Tidal Energy Generation

Tidal energy is generated during the inflow and outflow of the tide. The two main principles for generating energy are tides moving in the vertical direction, and tidal motion in the horizontal direction. To capture energy using the vertical method, a basin is filled during high tide, then released through a turbine upon low tide, utilizing the potential energy of the stored water. The horizontal method (tidal stream power) makes use of a tidal stream generator, similar to a wind turbine utilizing the kinetic energy from the dense water.

Tidal Stream Generators
A relatively new technology, generating tidal energy from currents in the same way that wind turbines. The density of water, 832 times greater than the density of air, means that a single generator can provide significant power at low water flow rates (compared to wind speed). Since the power varies depending on the density of medium and the cube of speed, it is easy to see that water speeds of nearly one tenth of the wind speed provide the same power the same size of the turbine system. Tidal movement must be at least 2 knots in order to take advantage of the energy potential. There are four dominant engineering approaches; horizontal and vertical axis turbines, oscillating devices, venturi effect generators. The horizontal axis mounted turbines which look similar to a traditional windmill operating underwater. Vertical axis mounted turbines are an improved helical design, rotating with the water, like a turnstile. Oscillating devices use aerofoil sections that do not rotate, but are instead pushed sideways. Venturi effect tidal generators can be mounted in the horizontal or vertical position and use a shroud to increase flow rate through a turbine. All of these tidal generators have been tested and used for actual production of electricity. These are the preferred methods of tidal electrical generation due to the low costs to develop and implement, and the small environmental impacts associated with hydro-electric generation.

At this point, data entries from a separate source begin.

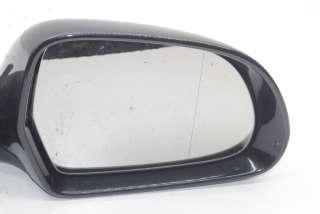 Зеркало наружное правое Audi A4 B8 2008г. 6Pin , art10306576 - Фото 4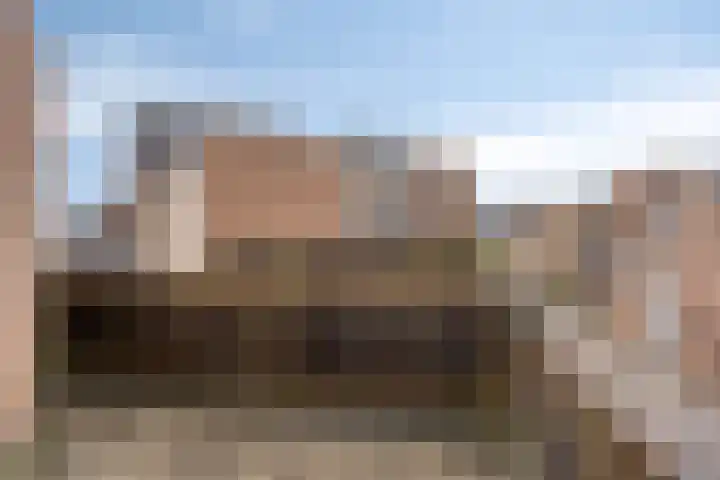 Caesarhof 30 B Maastricht thumbnail 18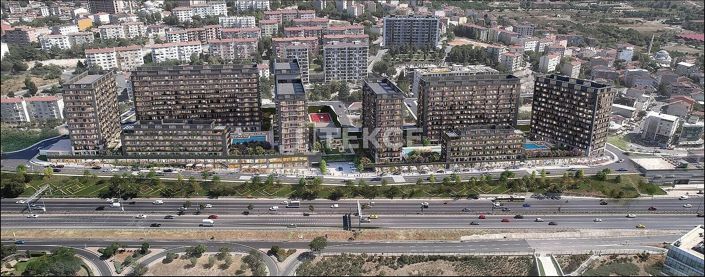 Image No.1-1 Bed Commercial for sale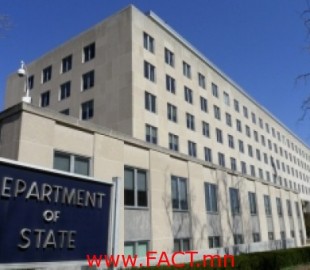 527-1414209353db7520f7701da002a144ca5c626e0caa_L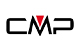 CMP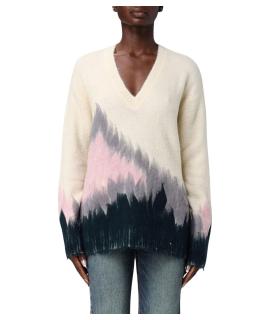 PATRIZIA PEPE Джемпер / свитер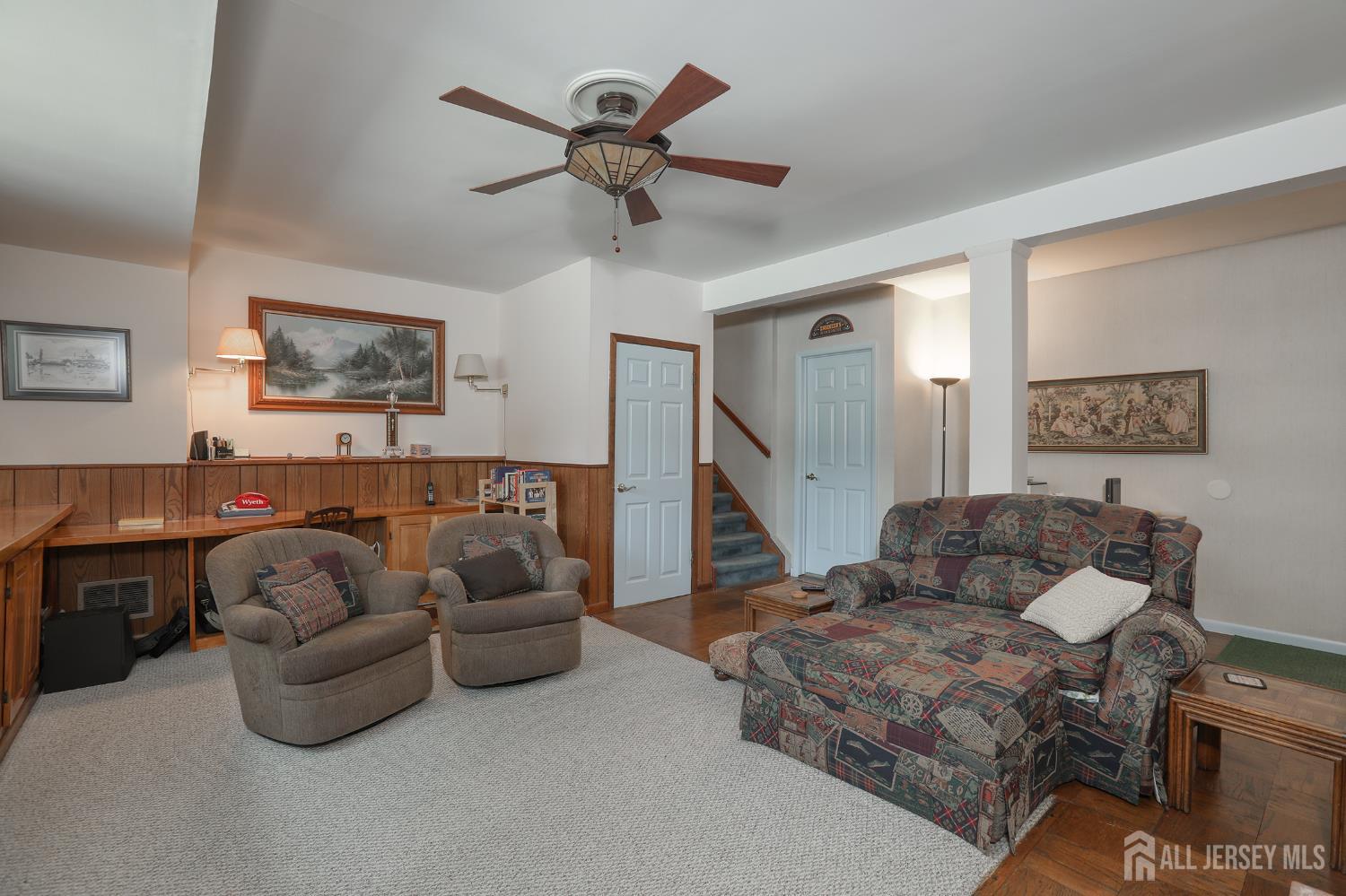 1240 Crim Road, Bridgewater, NJ, 08807 image 37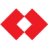 Favicon for techcombank.com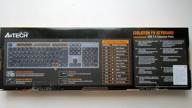img 2 attached to Keyboard A4Tech KV-300H gray review by Kiril Serdarev ᠌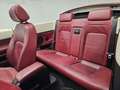 Volkswagen New Beetle 1.6 Cabrio Lim. Red Edt. Bianco - thumbnail 10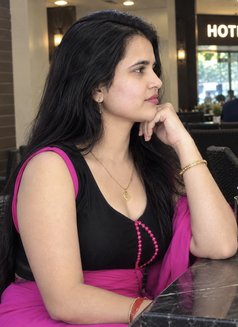 🦋independent Real Meet & Live Cam Show - escort in Chennai Photo 1 of 7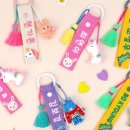 예쁜튼튼어린이집 이미지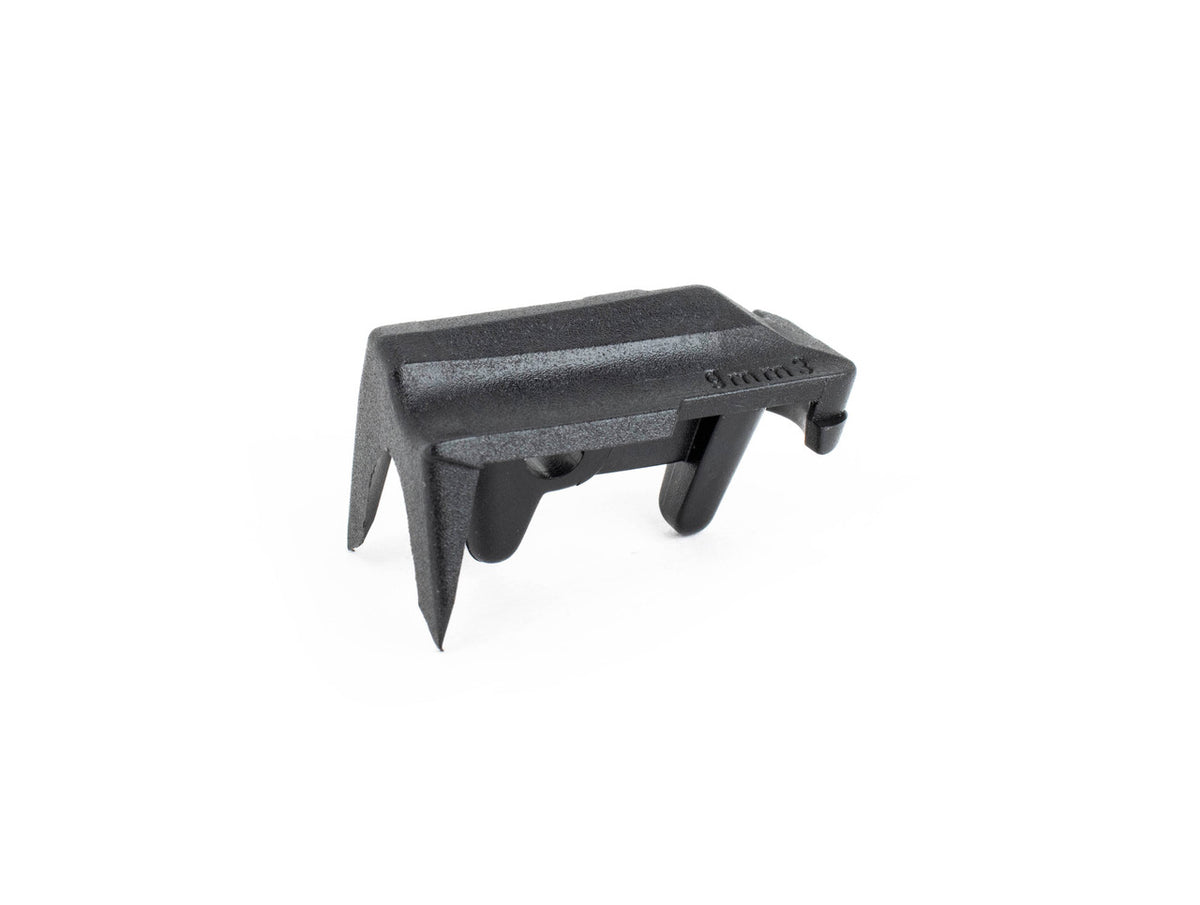 Glock Factory Magazine Follower  SP01812-3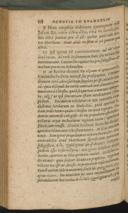 Seite 124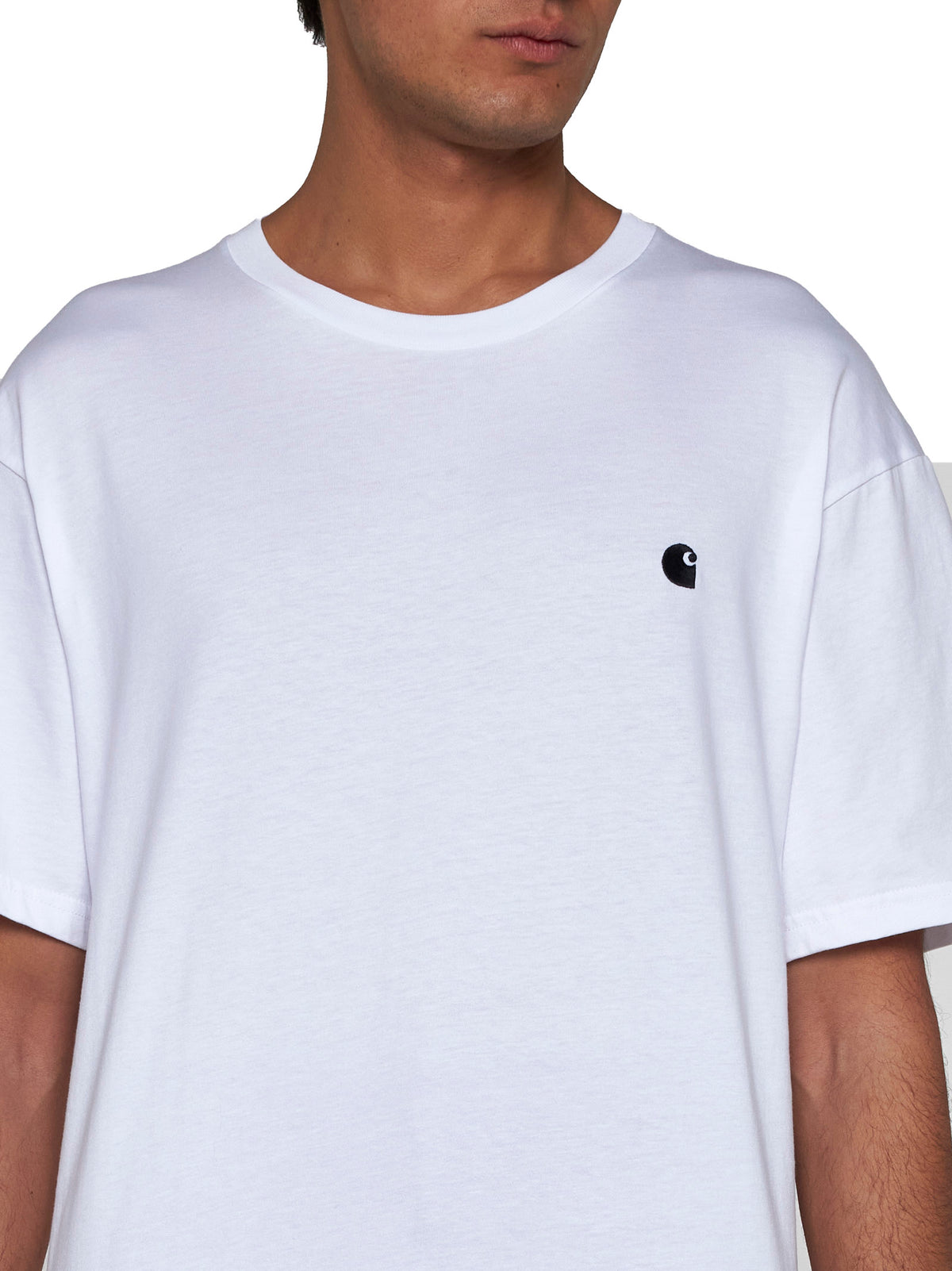 I033000-00AXX CARHARTT WIP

Barrage Tidal Power Generation
Turbines are turned by water flows in and out of the estuary basin, bay, or river through the barrage wall to generate power. These systems are similar to a hydro dam that produces Static Head or pressure head (a height of water pressure). When the water level outside of the basin or lagoon changes relative to the water level inside, the turbines are able to produce power. The Barrage are usually created out of caissons, sluices, embankments, turbines, and ship locks. Sluices, turbines, and ship locks are housed in large concrete blocks called caissons. Basins not sealed by caissons are sealed by embankments.

Tidal power which use sluice gates utilize the flap gate, radial gate, vertical rising gate, and rising sector. Barrage systems usually have high civil infrastructure costs and extensive environmental issues associated with what is basically a dam being placed across a large ecosystem or estuary. There are several types of barrage tidal power generation systems including: ebb generation, flood generation, pumping and a two-basin setup.

Ebb generation (outflow generation) is when the basin is filled through the sluices until high tide. Then the sluice gates are closed and pumping may be used to raise the level of water further. When sea level falls to create a sufficient water drop (head) across the barrage, the turbine gates are opened for turbine generation. Once the head is low, the sluices are opened, turbines disconnected and the basin is filled again. This cycle repeats twice a day during tidal flow. Pumping aids in power generation by raising the power output related to head. The energy to run the pumps in more than returned in the generation process.

Flood generation is the opposite (and less efficient) than ebb generation. The basin is filled through the turbines, during the flooding tide. Because of the difference between the sea side and the basin side of the barrage, the height differential reduces more quickly then in outflow generation, especially noticeable in rivers. Energy barrage's can be configured into a dual basin type, allowing for continuous power generation between the two. One basin is filled at high tide while the other basin is emptied at low tide with energy turbines placed between the two basins. This can be difficult to construct and cost prohibitive due to the the extra length of barrage.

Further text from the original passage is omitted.